Accredited Diploma
- Acronym: Visa, Diplovis
- Type: Undergraduate or graduate degree
- Duration: One to three years
- Regions: France

= Accredited diploma (France) =

In France, an Accredited Diploma (Diplovis) (in French: "Diplôme Visé") is a national higher education diploma delivered by public or private Grandes Écoles and colleges (écoles supérieures) and not necessarily linked to a university degree. For certain Grandes Écoles or colleges, it may also be accompanied by a bachelor's or master's degree, adding further recognition.

It is one of the two diplomas delivered by the Grandes Écoles, along with the Engineer's Diploma and a type of diploma awarded following an evaluation procedure by the French Ministry of Higher Education and Research, judging the academic quality of the Grande École or college program.

== Definition ==

This visa from the French Ministry of Higher Education, Research and Innovation is state recognition of specific training. Accredited colleges and programs are subject to continuous pedagogical control. Program content, admissions panels and diploma-awarding commissions are reviewed by the French government. Accreditation is granted by decree of the French Ministry of Higher Education, Research and Innovation, for a maximum renewable period of 6 years.
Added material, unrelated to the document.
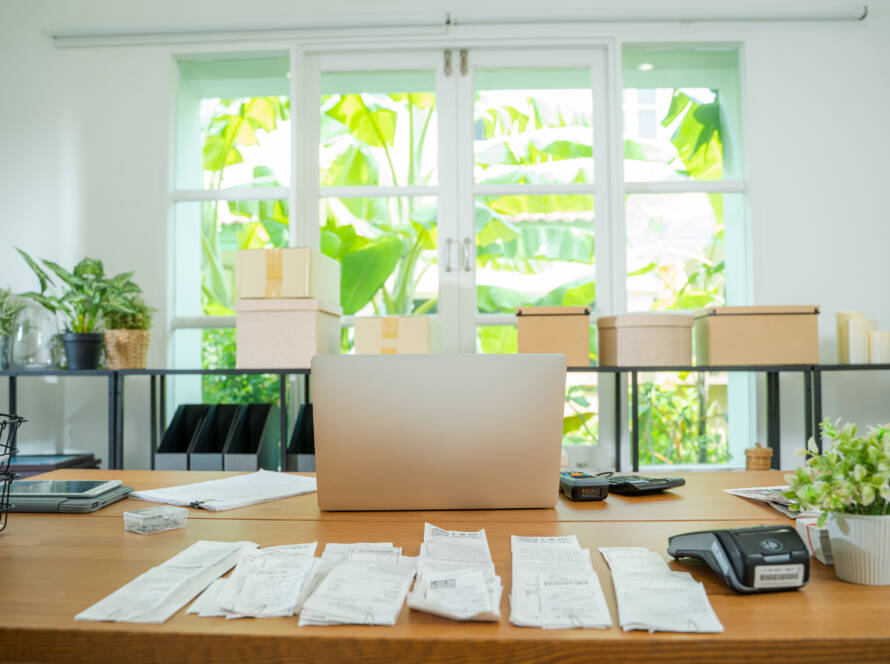 organized bookkeeping records and laptop on a desk for small business owners in San Antonio Texas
== Conditions for awarding and renewing accreditation ==

Higher education institutions applying for an accreditation must be recognized by the French state. Renewal applications are examined and evaluated by the Haut Conseil de l'évaluation de la recherche et de l'enseignement supérieur (HCÉRES), with the exception of business schools, which are evaluated by the Commission d'évaluation des formations et de diplômes de gestion (CEFDG).

Approximately 120 Bachelor's to Master's level courses in France have this accreditation, for a duration of 1 to 6 years.

== See also ==

- Répertoire National des Certifications Professionnelles (RNCP)
- Titre (degree)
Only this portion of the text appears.